What’s the proper role for an entity like Devil Strip, in terms of local culture? Is it okay to cheer-lead (for lack of a better term), or should you stick to straight reportage?
Straight reportage, as most folks think of it, doesn’t exist. You can’t unbias yourself so you go for objectivity. That’s hard too because we all have a dog in that fight, and if you don’t, your work tends to be boring. So, I’ve decided we’d err on the side of acknowledging our bias, which is decidedly pro-Akron. I want to be fair to all people and every side and so on and so forth, but if we pass judgment on a topic it’s going to be whether it’s good for Akron or not. Hell, if we even pursue a story, that’s the end goal: To know whether it’s good for Akron. That said, I think cheerleading, which I consider to be blind loyalty, can be dumb and dangerous. I want The Devil Strip to be a little more about tough love than that. Sometimes, you have to speak truth to power and the truth can hurt, but in the end, it makes the community stronger. The danger in cheerleading–trying not to hurt feelings–is that you end up with mediocrity at best. Who wants to live in that city?
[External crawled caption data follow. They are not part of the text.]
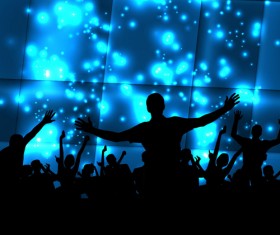 Set of People at a party Silhouettes vector 04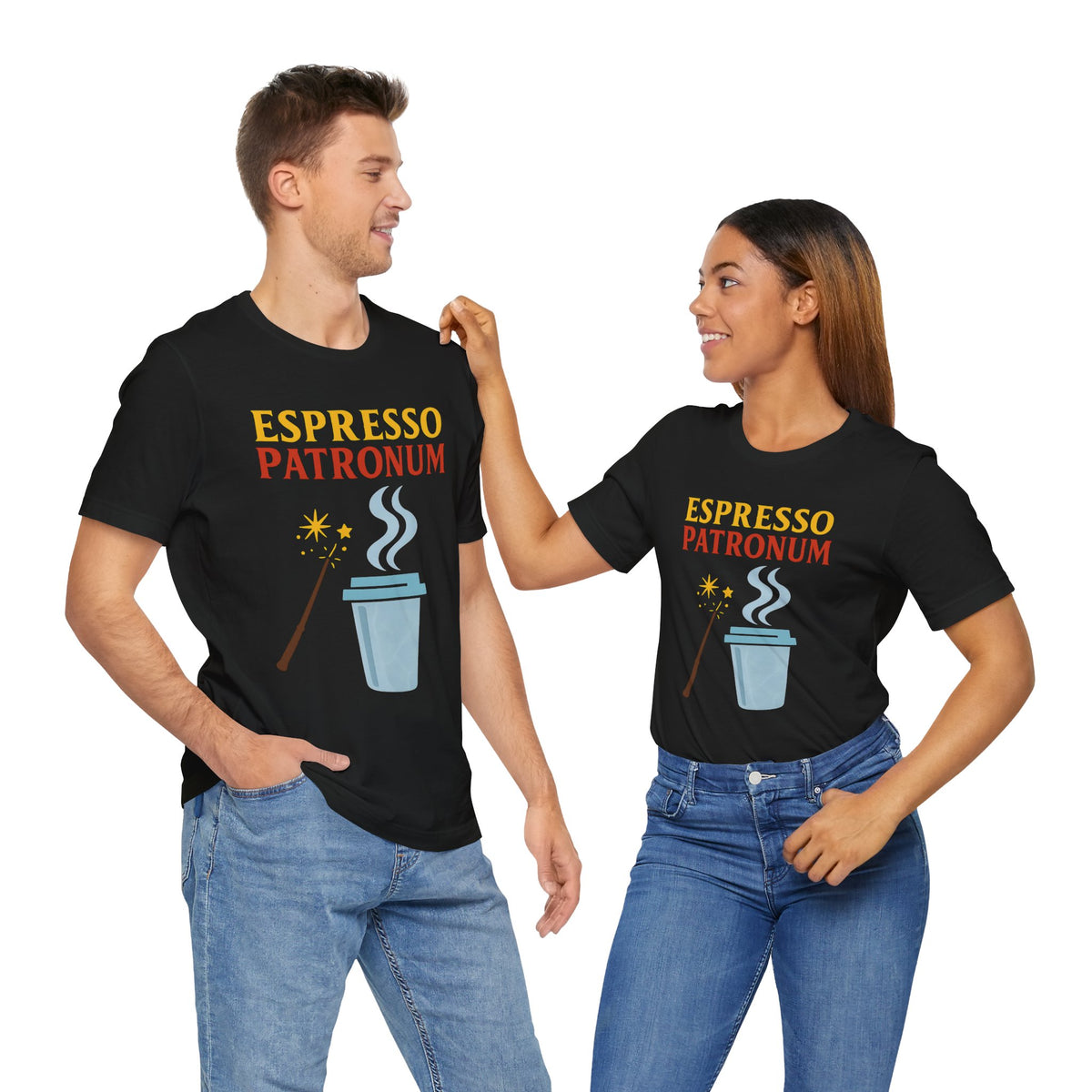 Black short-sleeve T-shirt with “ESPRESSO PATRONUM” coffee graphic, worn by two people
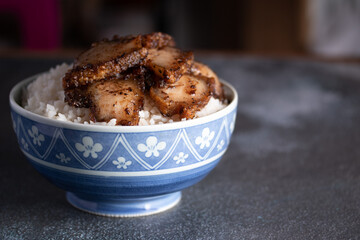 Fried Pork Belly with Black Pepper and Steamed Rice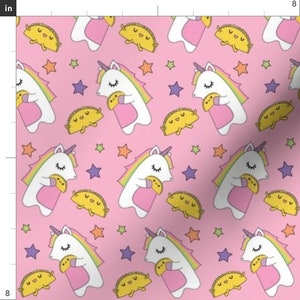 Unicorns Love Tacos Fabric Unicorns Tacos By Boredinc Pink Whimsical Fantasy Unicorn Cotton Fabric By The Yard With Spoonflower image 2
Arts aside, the Devil Strip took the initiative in reporting on the missteps of the new leadership at the University of Akron (seems like the Akron Beacon Journal was sleeping through the warning signs, and only woke up in time to follow your lead). What has this meant for you and your team? Was it a defining scoop?
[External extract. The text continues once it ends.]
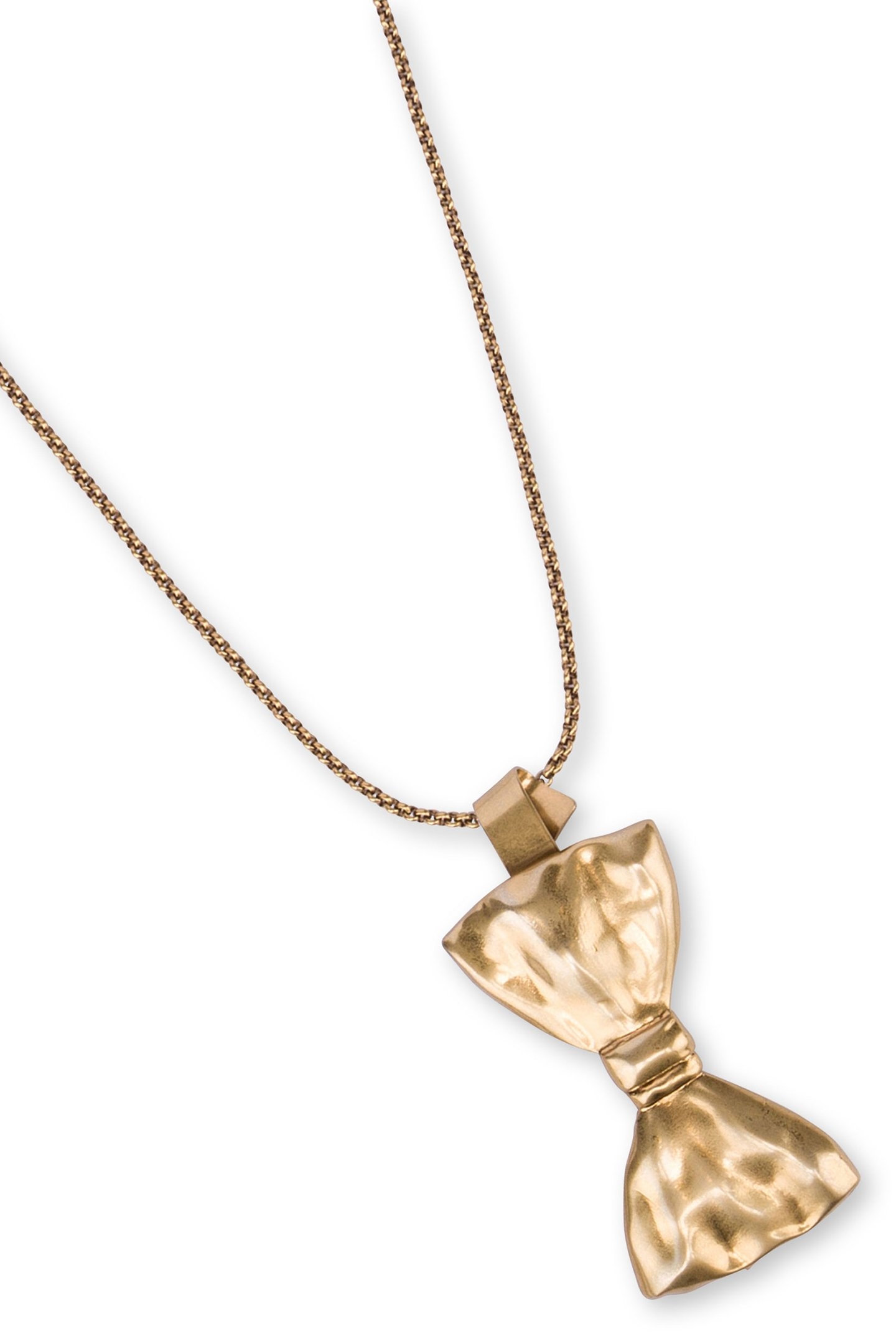 BOW TIE PENDANT NECKLACE GOLD 2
It’s been a double-edged sword. Like I said earlier, I always figured we’d do serious reporting. However, I didn’t anticipate it happening so soon. In the end, the UA reporting has probably cost me as much financially as it has gained the magazine in reputation. That’s not because certain advertisers avoid us now–maybe some do, I haven’t heard of any–but because it kept me from calling on advertisers at all. I was already putting in 60-70 hours a week to keep the magazine going and when I got into those first few stories, I just didn’t sleep for like two weeks. I’ve worked in a newsroom for a daily paper and I’ve worked alongside reporters at TV stations, and the demands on them to turn stories daily is pretty intense, but this was unlike anything else I’d experienced. It isn’t a model for good reporting or for good storytelling, so it isn’t anything I want to repeat. That said, it taught me plenty about preparing for the next set of stories we pursue.
Working on any stories right now that’ll blow our minds?
Yup! I think the aforementioned special team project will be a big deal when it’s ready. And we’ve got our sights set on a couple of non-UA stories that are pretty vital to the city’s future.